(Captioned web image data)
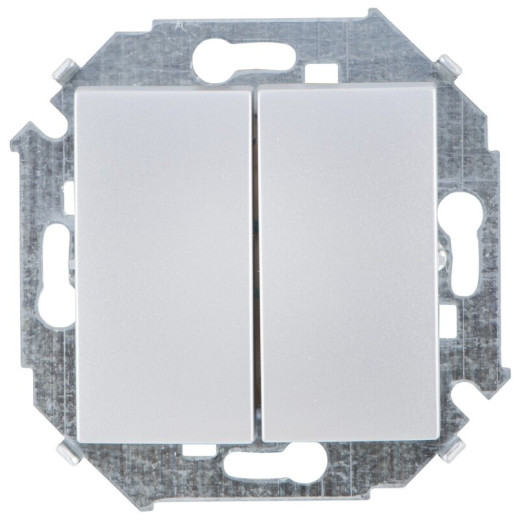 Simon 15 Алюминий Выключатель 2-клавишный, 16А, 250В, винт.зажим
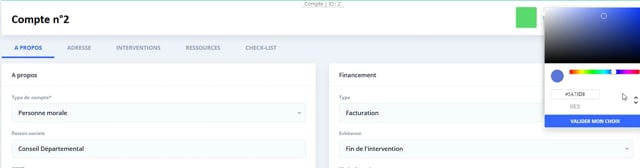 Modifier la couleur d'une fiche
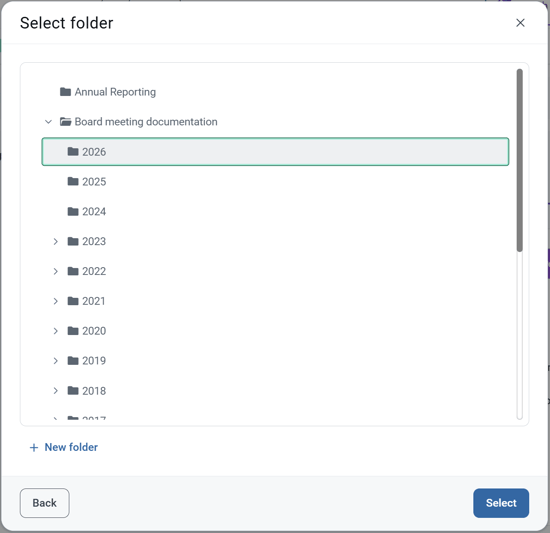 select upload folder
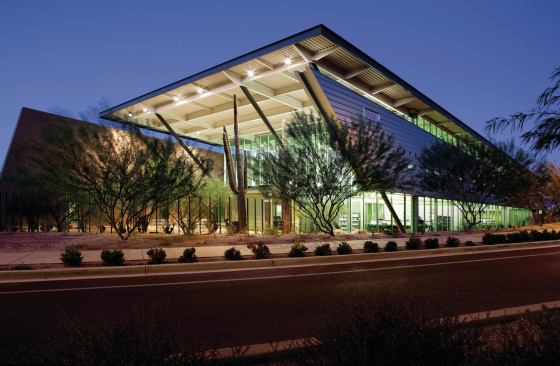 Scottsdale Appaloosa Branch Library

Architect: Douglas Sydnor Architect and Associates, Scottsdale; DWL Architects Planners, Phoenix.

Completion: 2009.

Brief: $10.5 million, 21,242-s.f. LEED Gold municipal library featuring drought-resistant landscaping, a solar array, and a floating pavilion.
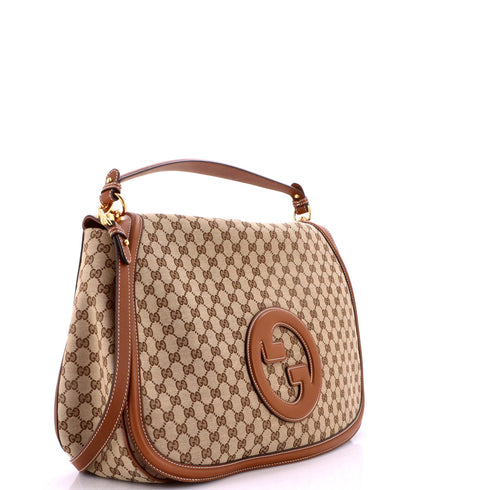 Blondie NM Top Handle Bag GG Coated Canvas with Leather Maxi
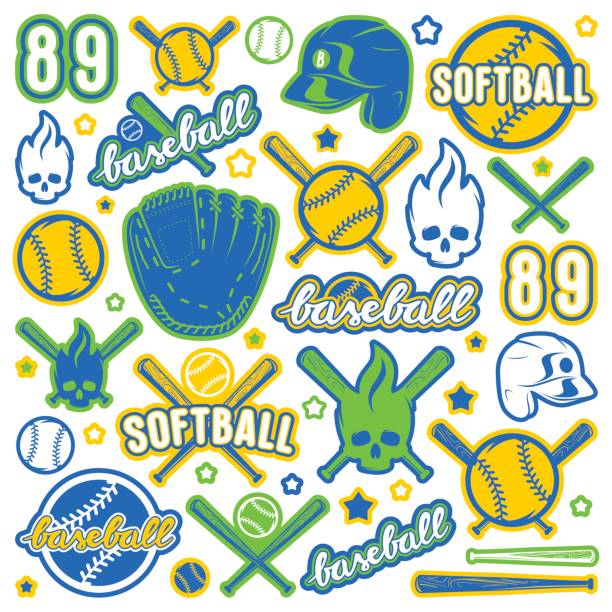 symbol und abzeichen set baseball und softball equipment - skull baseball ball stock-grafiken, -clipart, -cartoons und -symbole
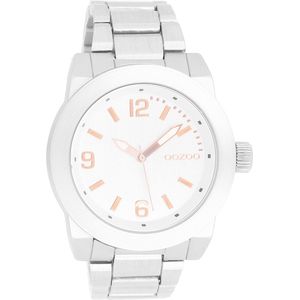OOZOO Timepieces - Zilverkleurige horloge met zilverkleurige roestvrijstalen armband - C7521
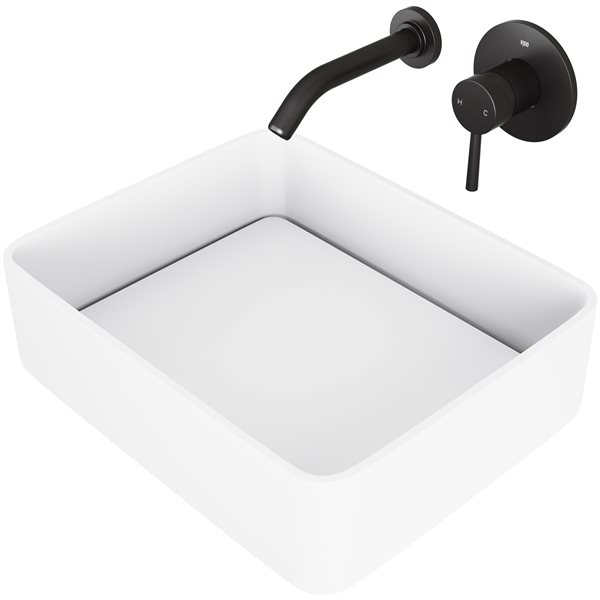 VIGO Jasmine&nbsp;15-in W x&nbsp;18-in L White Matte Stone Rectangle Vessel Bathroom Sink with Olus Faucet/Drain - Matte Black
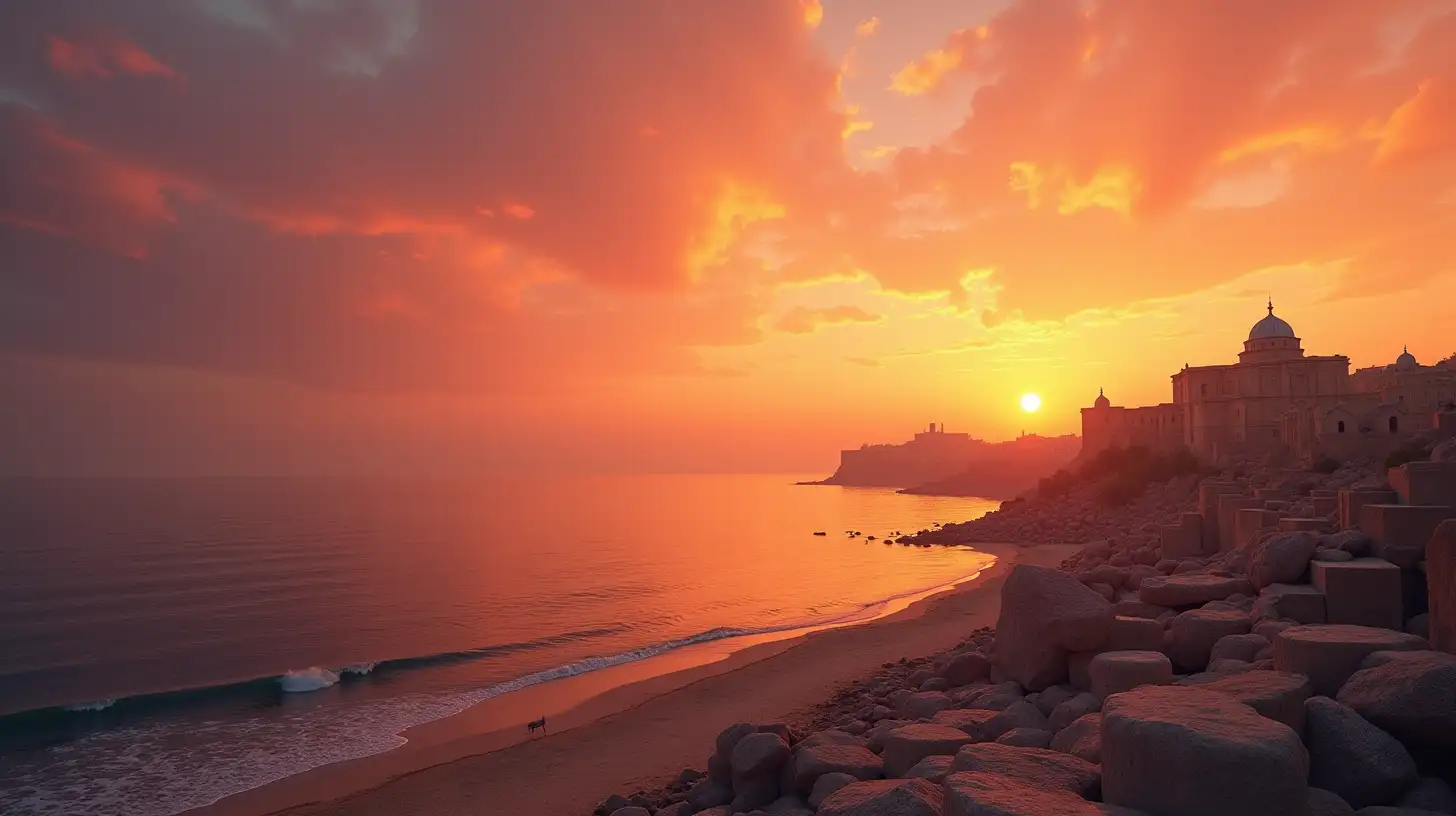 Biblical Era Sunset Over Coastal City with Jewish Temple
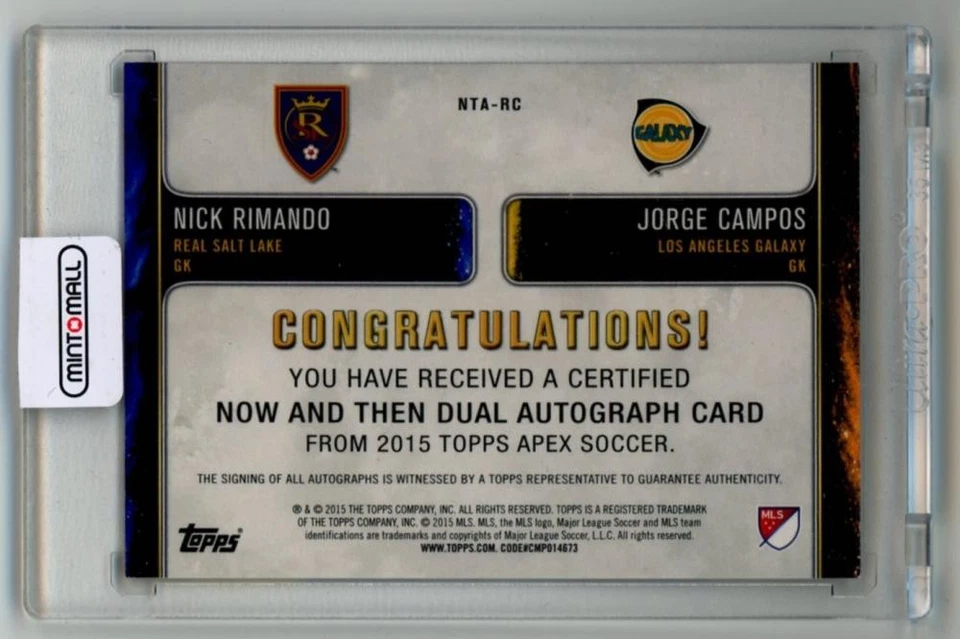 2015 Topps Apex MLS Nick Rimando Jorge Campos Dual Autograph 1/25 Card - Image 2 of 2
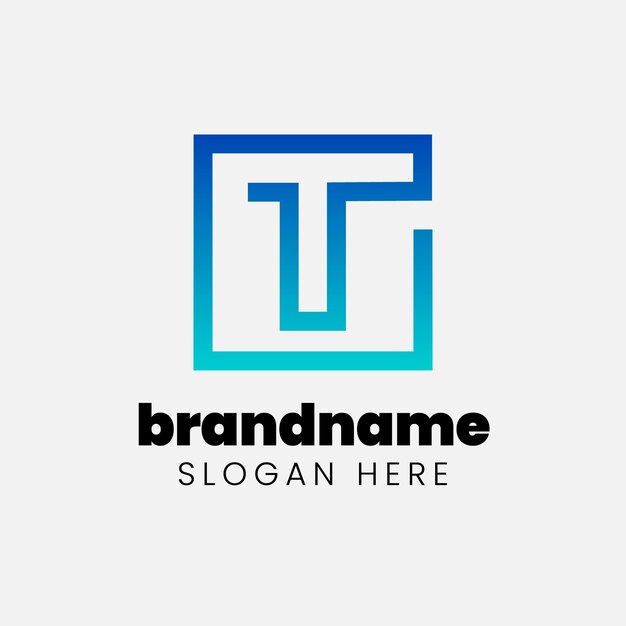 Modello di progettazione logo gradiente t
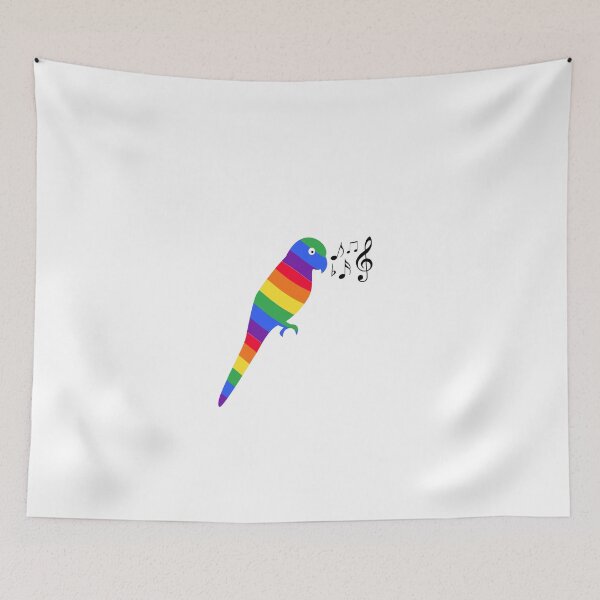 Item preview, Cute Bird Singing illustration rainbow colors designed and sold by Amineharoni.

• [Exercise instructions] Leaving out the pictures, please output the lines in the entries above from the one with "Brief: $10.5 million, 21,242-s.f." through the one with "2015 Topps Apex", exactly as they are.

• [Response for this exercise]
Brief: $10.5 million, 21,242-s.f. LEED Gold municipal library featuring drought-resistant landscaping, a solar array, and a floating pavilion.
 Blondie NM Top Handle Bag GG Coated Canvas with Leather Maxi
 symbol und abzeichen set baseball und softball equipment - skull baseball ball stock-grafiken, -clipart, -cartoons und -symbole
OOZOO Timepieces - Zilverkleurige horloge met zilverkleurige roestvrijstalen armband - C7521
 VIGO Jasmine&nbsp;15-in W x&nbsp;18-in L White Matte Stone Rectangle Vessel Bathroom Sink with Olus Faucet/Drain - Matte Black
 Biblical Era Sunset Over Coastal City with Jewish Temple
 2015 Topps Apex MLS Nick Rimando Jorge Campos Dual Autograph 1/25 Card - Image 2 of 2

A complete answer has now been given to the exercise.